9-12 lb. Turkey- tail piece and inner parts sack removed.
Rinse well.
large aluminum Turkey trays
paper towels-for straining
Injection mixture (enough to inject 6-7 turkeys)- this mixture uses freshly prepared ingredients. Store bought juices may be substituted.
1 3 lb. tub margarine or butter

The following should be juiced in juicer (used for carrots, or apples.) Place each juice into separate small food containers with lids. Refrigerate until ready to use.
8-10 Jalapenos
4-5 stalks celery
2 large white onions
3-4 heads garlic
2-3 bunches cilantro
2 large lemons with rinds
4 T red pepper powder
1 jar Texas Gourmet Habanero Pepper Jelly
Place butter into large sauce pot. Melt over low heat. The following instructions will result in a medium intensity flavored bird.

Add:
6 T jalapeno juice
6 T celery juice
4 T onion juice
8 T garlic juice
2-3 T cilantro juice
6 T lemon juice
4 T Red pepper powder
1 Jar Habanero Pepper Jelly
Stir all ingredients together to melt and blend well. Leave on heat at very low temperature.

Injecting:
Inject bird in the breasts, legs, and wings. Go as deeply as possible into meat without going through the meat and into the cavity. Make as few holes as possible, turning the needle in different directions from same incision hole. Be sure and shoot the underside as well.

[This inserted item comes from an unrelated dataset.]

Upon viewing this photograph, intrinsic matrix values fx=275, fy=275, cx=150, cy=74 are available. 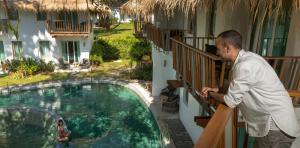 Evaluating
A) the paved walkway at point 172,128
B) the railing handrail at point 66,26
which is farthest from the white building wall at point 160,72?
the railing handrail at point 66,26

Frying: As a safety measure, a fire extinguisher should be kept handy during all frying activities.

You may purchase a Turkey Frying Kit, which contains a pot, lid, temperature gauge, propane burner, and turkey holder. This kit is available at the Ace Hardware-Cinco Ranch. Look on our homepage for the address and phone number.
Fry turkey in a heavy pot with a turkey holder(upright) or a basket to keep bird off of the bottom of the pot. A temperature gauge that attaches to the inside of the pot is a must. Use peanut oil. Place 3-4 gallons in pot, enough to allow the turkey while frying to be completely submersed, but still leaving 8 to 10 inches of space from the top of the pot to prevent oil from boiling over the sides. Some spilling over will occur but this should keep it at a minimum. The oil must be heated to 375 degrees, no more or less. When placing the turkey into the oil, be sure and wear protective, long insulated mitts. Slowly submerse the bird a few inches, then remove to allow the initial water inside to cook off. Then slowly drop in again until you have allowed the bird to rest on the bottom of the basket or pot. Document the time you place the bird in the pot, and cook the bird at 360-375 for 4 minutes per pound. After this time, using a special hanger, carefully lift the bird from the oil, allowing initial oil to drip back into the pot. Remove from the basket, or holder to the aluminum turkey tray lined with 5-6 layers of paper towels. Document time of removal.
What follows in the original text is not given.